Beyond its member states, NATO should continue to provide military equipment and humanitarian support to those fighting against Russian domination and to ensure NATO’s eastern flank remains solidly defended.
What Putin craves is for a new Russian empire to be recognized as a great power. He should be isolated on the world stage, denied a voice in transatlantic security dialogues, and surrounded by a stable circle of democracies.
In June, Spain will host a NATO Summit that will unveil the latest version of its Strategic Concept, a document that is meant to guide NATO’s ambitions for a decade or more. The last Strategic Concept was promulgated in 2010. The most important element of that document should be formally identifying Russia as the foremost threat to transatlantic security. In 2017, the NATO Secretary General said Russia was not a threat. Today, the Alliance needs to affirm that Russia is without question the biggest threat to stability and security in Europe, and to develop the mechanisms and policies to guarantee its members’ safety and security.
NATO should also reaffirm its open door to those nations that meet the its established criteria. This would of course include countries such as Sweden and Finland, now the subject of explicit threats the Russian government. Some will argue that, by proffering theoretical future membership, NATO is setting these nations up to be attacked by Moscow as Georgia and Ukraine were. But retreating from the open door policy because of Putin’s actions in Ukraine only rewards his naked aggression and dashes the hopes of millions who want to be part of the greater transatlantic community.
In the lead up to the Summit, NATO should reaffirm the suspension of the NATO-Russian Council that dates to Russia’s seizure of Crimea and destabilization of eastern Ukraine in 2014. Russia has suspended its mission to NATO and ordered NATO’s office in Moscow to be closed. There is no point in maintaining the fiction that Putin or his flunkies have any interest in an institutional link with NATO. But it is worth preserving the promise and hope that a post-Putin Russia that returns to a democratic trajectory can be a partner and even a member of NATO if it stops oppressing its neighbors.
NATO will need to address the security issues it thought it resolved in the NATO-Russia Founding Act. Chief among these will be the forward deployment of major combat units on the territory of new member states and the potential stationing of conventional short- and intermediate-range ballistic missiles.

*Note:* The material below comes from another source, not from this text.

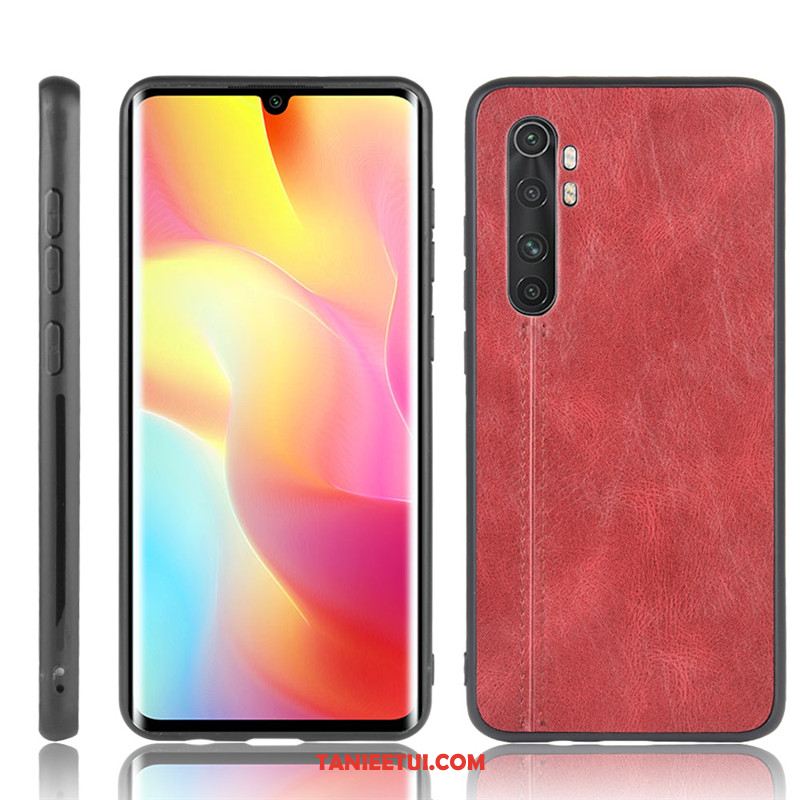 Etui Xiaomi Mi Note 10 Lite Młodzież Telefon Komórkowy Bydło, Futerał Xiaomi Mi Note 10 Lite Wzór Czerwony Mały Beige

For now, the issue of forward deployment of nuclear systems may not be necessary, but NATO should preserve its right to do so if Russia continues to make both implicit and explicit nuclear threats.
NATO is more unified today in the face of Russian aggression than it has been in decades. The Summit in four months is an important opportunity to focus the alliance’s attention on its core mission of mutual defense. Putin’s actions have presented NATO’s leaders with the chance to reinvigorate the alliance and to take steps to protect a Europe whole, free, and, hopefully, at peace. If NATO’s leaders fail to seize the moment and treat the 2022 Madrid Summit like any other, they will do serious damage to the European security order, and by extension global security. If, however, NATO succeeds in reinforcing the alliance’s deterrent position and recommits to the common defense and security of Europe, it is quite possible Putin’s actions in Ukraine will bring about an even stronger alliance than he ever feared he would face.